Thursday, May 5, 2011

Pasquale Tassone - An Impression of His Music...

A few months ago, I heard for the first time a composition for the violin and piano, written by a contemporary composer.
That initial experience, on my part, is still in my memory, as I have rarely been struck in a first hearing as I was struck that evening. It entered my consciousness immediately as an example of some of the most adroitly sculpted ideas written for these instruments that is within my memory bank.
The sense of elemental import given to the melodic line, enhanced by wonderfully tasteful displays of the shifting of tonal centers, let alone the power of the element we in music call the Motif, combine to form, in my view, some of the most evocative and attractive music written in our day for these instruments.

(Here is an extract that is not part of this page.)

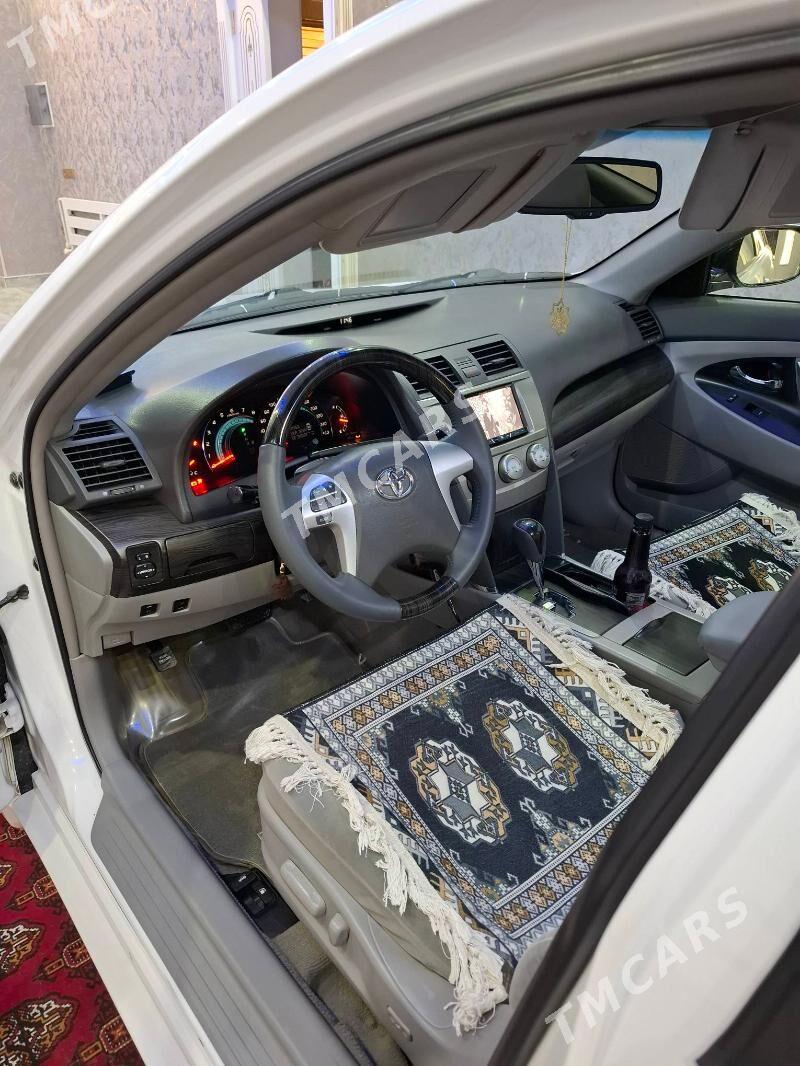 Toyota Camry 2010 - 200 000 TMT - Кёнеургенч - img 2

I have since, that first evening, made a point of listening several times to this composition, and I find that(and this can apply only to art at a high level) I am discovering more facets of creative brilliance each and every time, with the commensurate furthering of the understanding of the musical text.
What is most curious to me is that it reminds me of the same kind of flow we hear in the violin and piano music written by Schumann and Brahms; for me, more like Schumann. Not that there is any stylistic similarity to these composers, of course - it is, simplistically speaking, the nature of the "flow" that is so striking to me, which is an encomium to the writing skills of Tassone.
He most assuredly knows how to write for these instruments, which is not necessarily the case endemic to some contemporary composers I have heard.
I cannot commend this work highly enough.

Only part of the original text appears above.